Drowning in these tumblers
Tumbles through these doors
Swinging out to cold cement
From sticky, hard tiled floors.
This is the route we wander, girl
Every god-damned day
So, swallow hard and wipe them dreams away.
Come to life, come to life, come to life… again.
Come to life, come to life, come to life… again.
The stove and the cold killed the men and the dogs
The last glimpse of sun then all the winter is gone
Chained at the ankles, bound at the wrists
Stuffed into mail-sacks and tossed into drifts.
Come to life, come to life, come to life… again.
Come to life, come to life, come to life… again.
The lunar eye is burning, boring through me, digging deep
Into my chest, into my head, into my days, into my sleep
These dreams, these days, don’t give me no peace
These dreams, these days, don’t give me no peace.
Come to life, come to life, come to life… again.

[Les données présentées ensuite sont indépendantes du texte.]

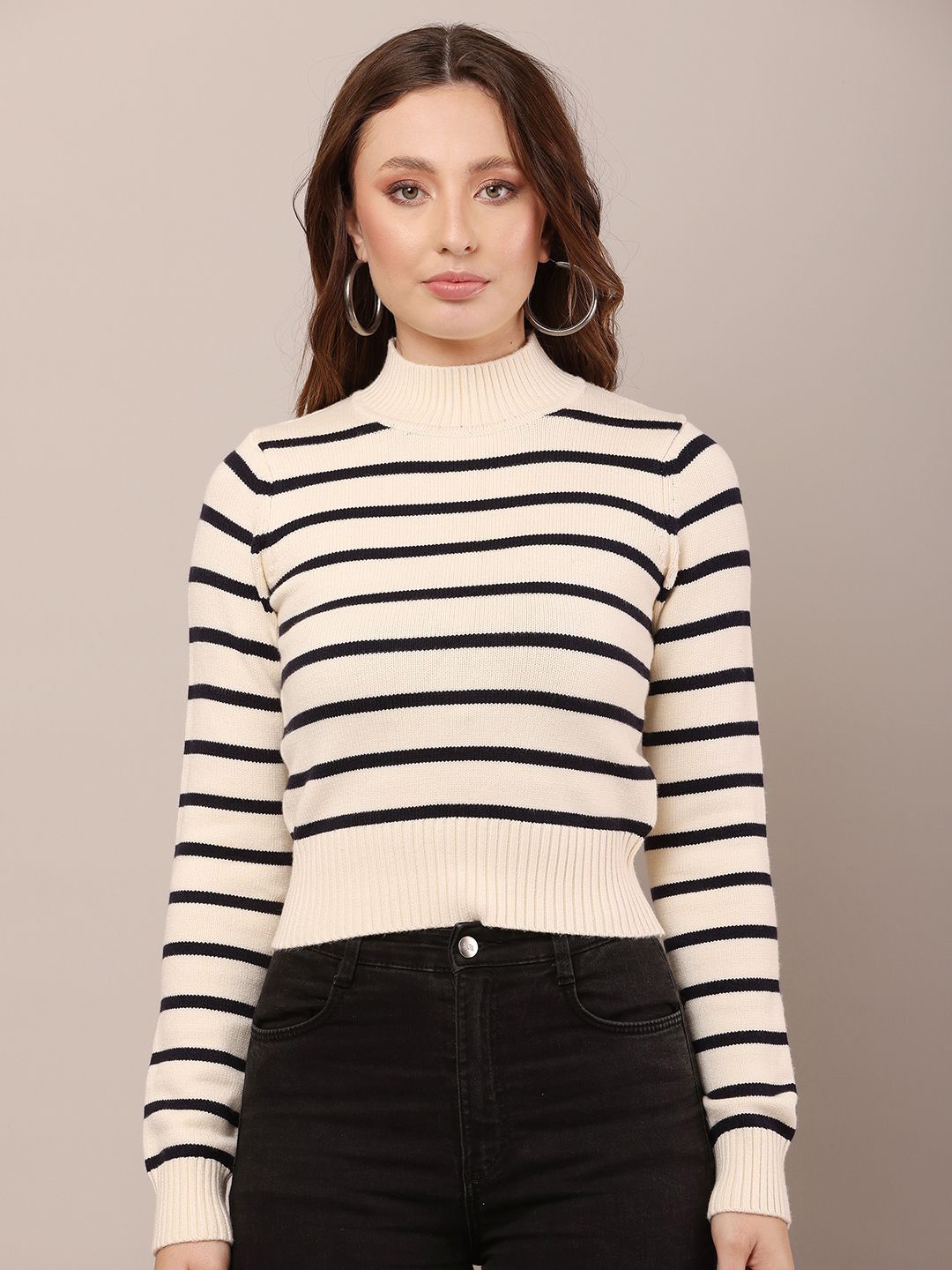 

NoBarr Women Striped Pullover, Cream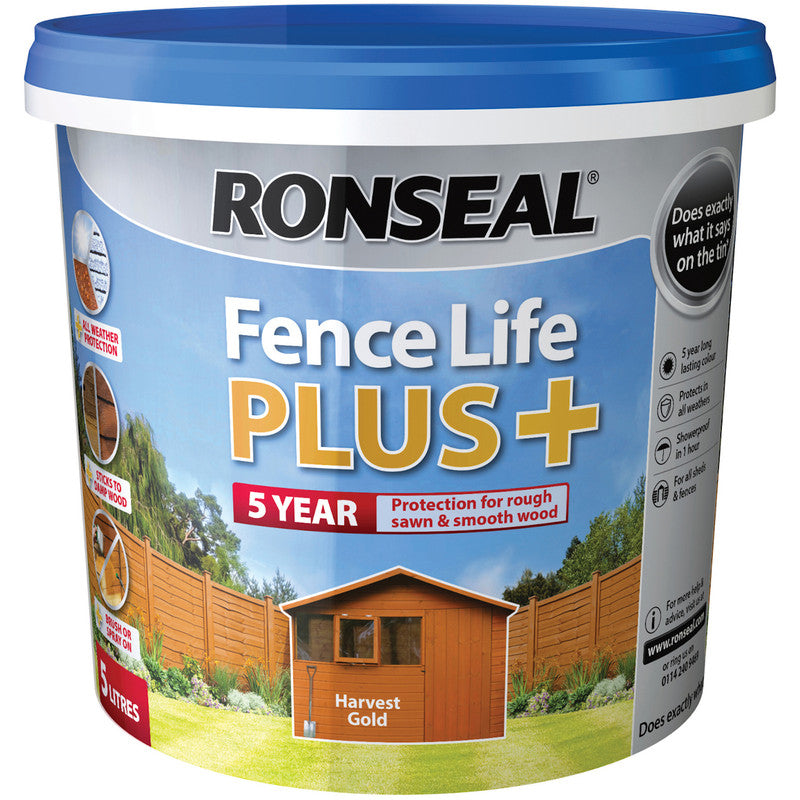 Ronseal 5 Litre Fence Life Plus Paint - Harvest Gold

Come to life, come to life, come to life… again.
Traduction des paroles
Ce soir, ce soir, les rêves du capitaine sont mauvais
À la recherche de la déchirure et du rivage lointain
Au milieu des salopes, des vagabonds et des voleurs
Il ne rêve pas de l'atterrissage plus.
Noyade dans ces gobelets
Dégringole à travers ces portes
Balancer au ciment froid
Des sols carrelés collants et durs.
C'est la route que nous parcourons, ma fille
Chaque dieu-jour maudit
Alors, avaler dur et essuyer les rêves loin.
Venez à la vie, venez à la vie, venez à la vie ... encore.
Venez à la vie, venez à la vie, venez à la vie ... encore.
Le poêle et le froid ont tué les hommes et les chiens
Le dernier aperçu du soleil alors tout l'hiver est parti
Enchaîné aux chevilles, lié aux poignets
Bourré dans des sacs de courrier et jeté dans des dérives.
Venez à la vie, venez à la vie, venez à la vie ... encore.
Venez à la vie, venez à la vie, venez à la vie ... encore.
L'œil lunaire brûle, s'ennuie à travers moi, creuse profondément
Dans ma poitrine, dans ma tête, dans ma vie, dans mon sommeil
Ces rêves, ces jours-ci, ne me donnent pas la paix
Ces rêves, ces jours-ci, ne me donnent pas la paix.
Venez à la vie, venez à la vie, venez à la vie ... encore.
Venez à la vie, venez à la vie, venez à la vie ... encore.